The Company owns and operates a fleet of oceangoing vessels engaged primarily in the transportation of crude oil and refined petroleum products in the U.S. Flag trade through two wholly owned subsidiaries.
NOTE 2 — SUMMARY OF SIGNIFICANT ACCOUNTING POLICIES
|1.||Cash and cash equivalents - Interest-bearing deposits that are highly liquid investments and have a maturity of three months or less when purchased are included in cash and cash equivalents.
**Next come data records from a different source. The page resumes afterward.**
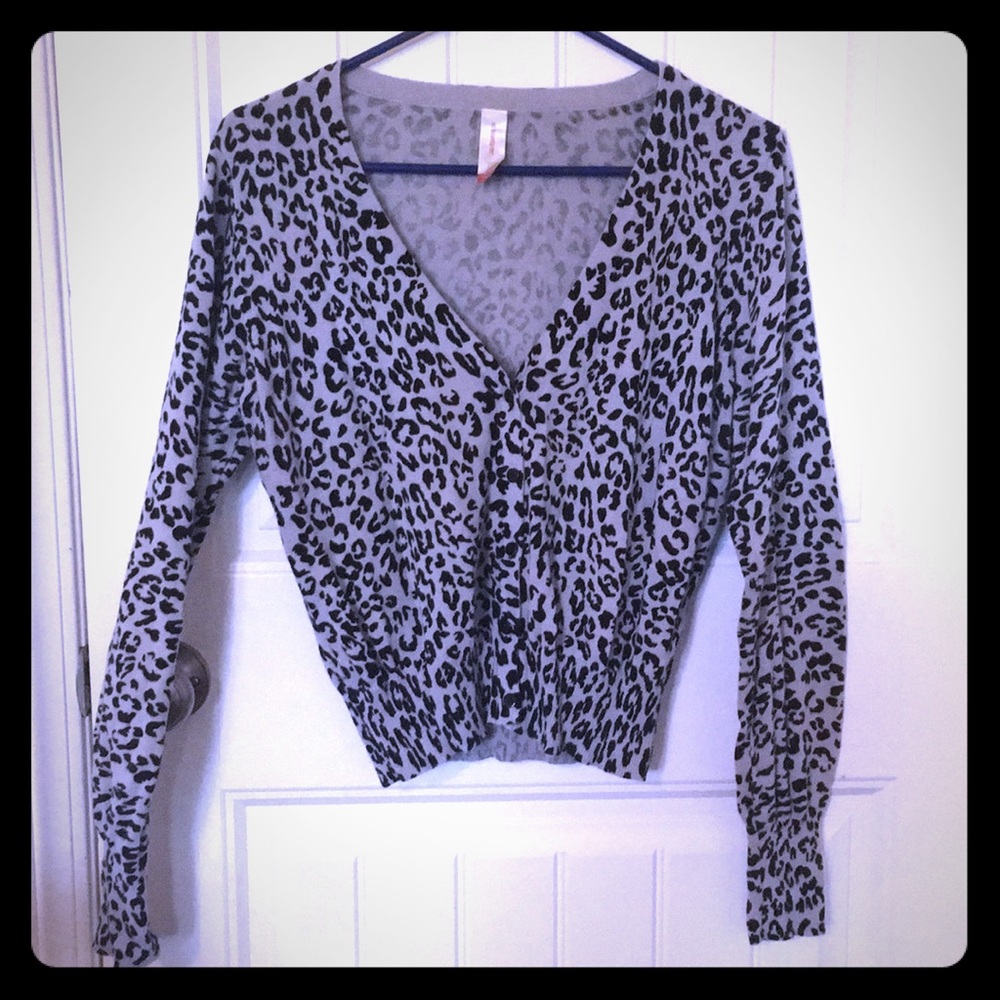 Leopard sweater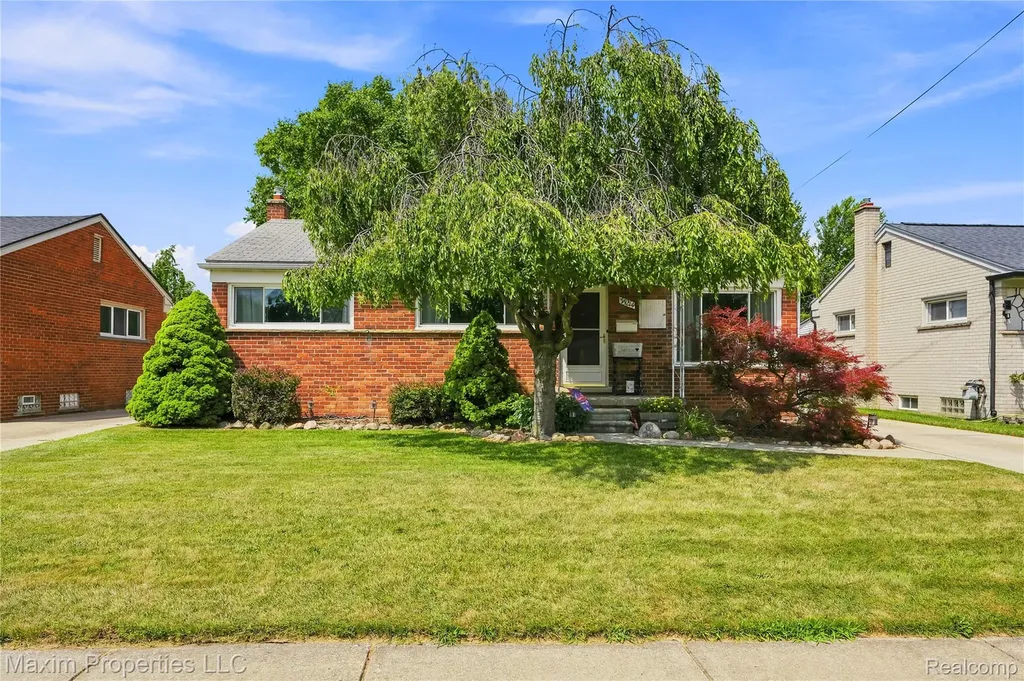 33214 Sheridan Street Garden City City MI 48135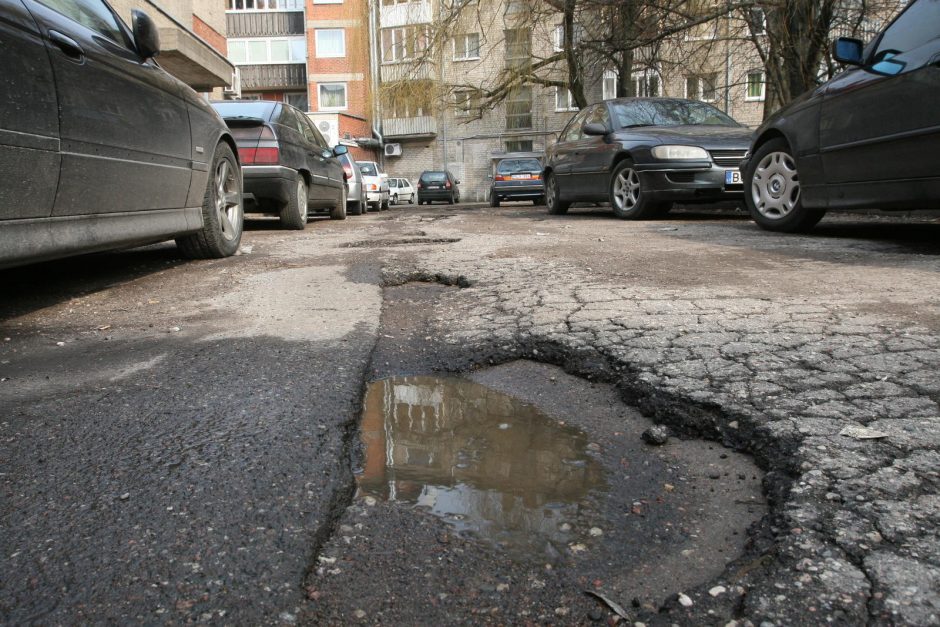 Bendruomeniškumą stiprina asfaltas ir kompiuteriai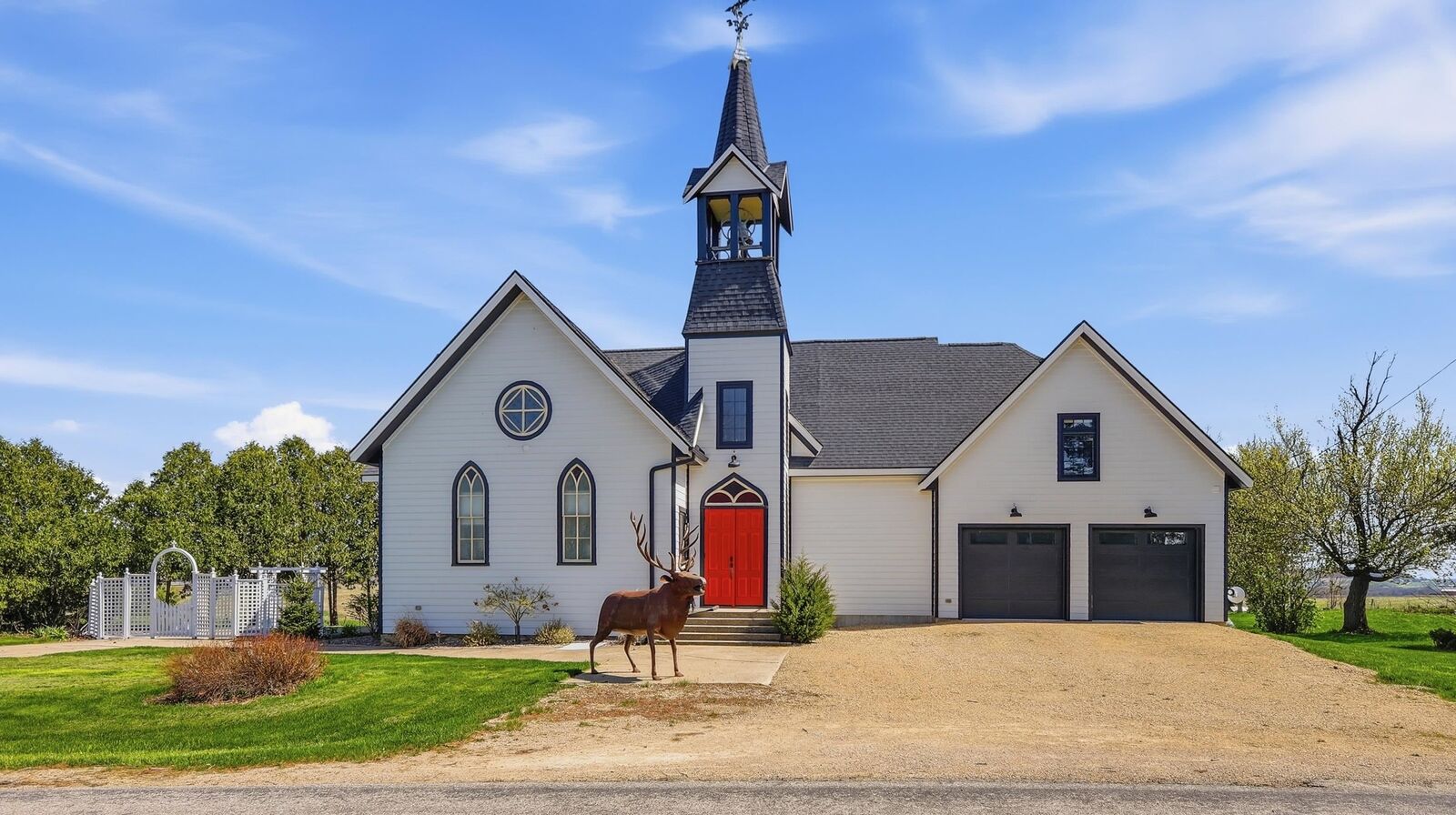 Property Photo: 6603 W Council Hill Road IL 61075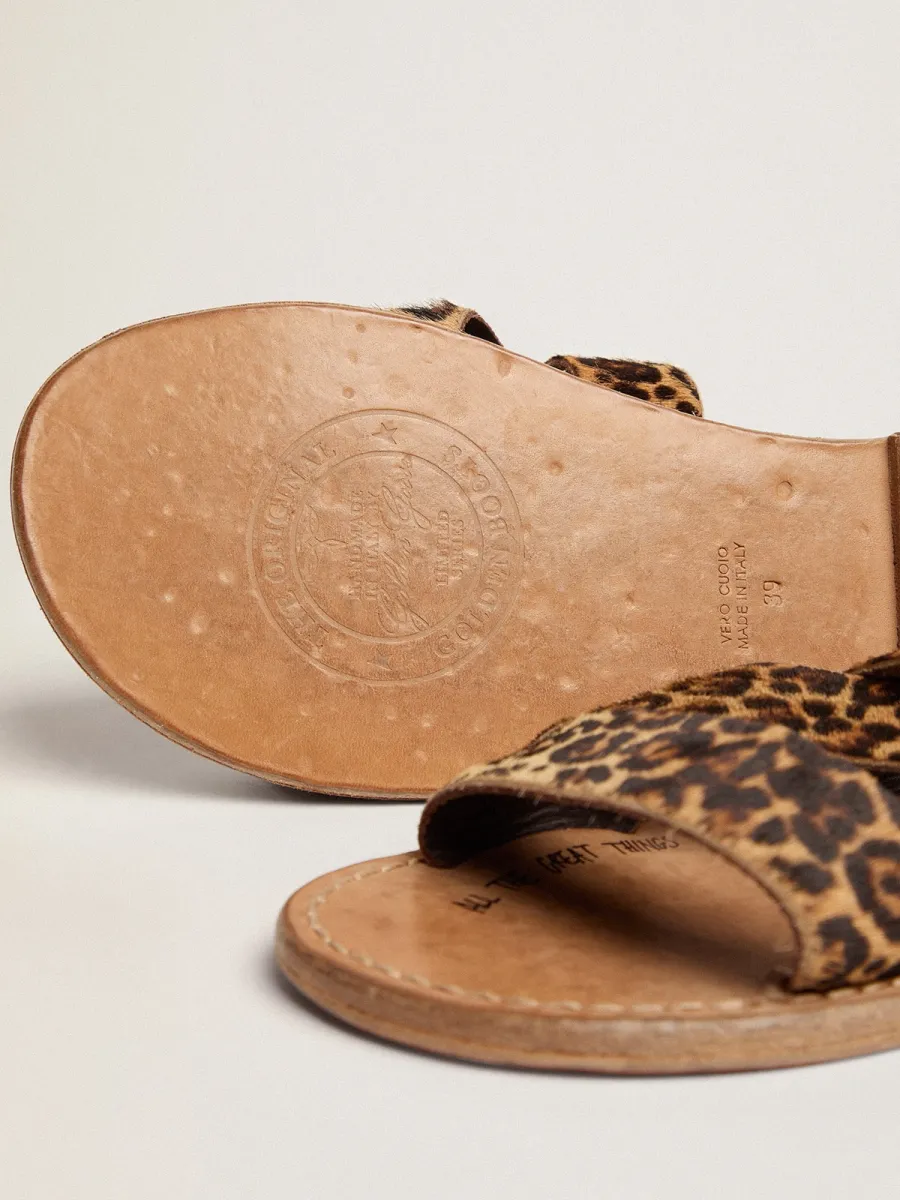 Sandali bassi Margaret Donna in cavallino leopardato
Restricted cash as of December 31, 2019 and 2018 was related to the Company’s Unsecured Senior Notes as defined in Note 8, “Debt”.|
|2.||Vessels, vessel lives, deferred drydocking expenditures and other property - Vessels are recorded at cost and are depreciated to their estimated salvage value on the straight-line basis over the estimated useful lives of the vessels, which are generally 25 years (except for new ATBs for which estimated useful lives of 30 years are used).|
|Other property, including leasehold improvements, are recorded at cost and amortized on a straight-line basis over the shorter of the terms of the leases or the estimated useful lives of the assets, which range from three years to 15 years.|
Interest costs are capitalized to vessels and other property during the period that vessels are under construction and projects are in progress. During the year ended December 31, 2019, interest costs capitalized were $3,636. During the year ended December 31, 2018, interest costs capitalized were not material.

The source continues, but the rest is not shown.